Spinlaunch is just space guns wrapped in a new package.
On Thu, Nov 11, 2021 at 2:20 PM Anton de Winter <adewinter@xxxxxxxxx> wrote:
Right, but I was thinking more in terms of how a large percentage of fuel
is usually spent on plowing through the atmosphere with a traditional
vehicle. So if you're "offloading" that work the the electromagnetic
launcher then perhaps you're coming out ahead? Just trying to give the
benefit of the doubt here. I don't personally think it's a economical idea.

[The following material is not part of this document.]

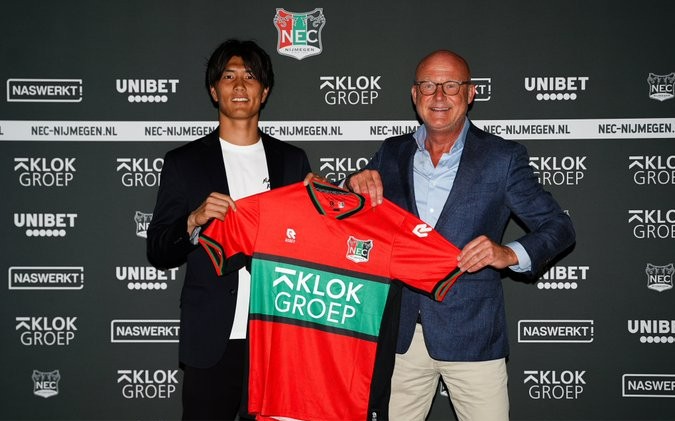 这些平台正 这些平台正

The g-forces involved in launch rule out so many kinds of cargo I wonder
what payloads it _would_ be useful for...
On Thu, Nov 11, 2021, 10:42 Henry Spencer <hspencer@xxxxxxxxxxxxx> wrote:
On Thu, 11 Nov 2021, Anton de Winter wrote:
...it looked like the launcher would provide (iirc) ~25-30% of thedelta
V required for orbit which didn't seem like much and therefore notworth
all the hassle. However, I didn't take atmospheric drag into
consideration at all. Maybe that makes things work out better?
Worse -- it means the projectile is slamming through thick air at high
speed, producing nasty aerodynamic and thermal loads, and a substantial
negative delta-V from drag, whereas an ordinary liquid-fuel rocket
reaches
such speeds only at high altitude in much thinner air.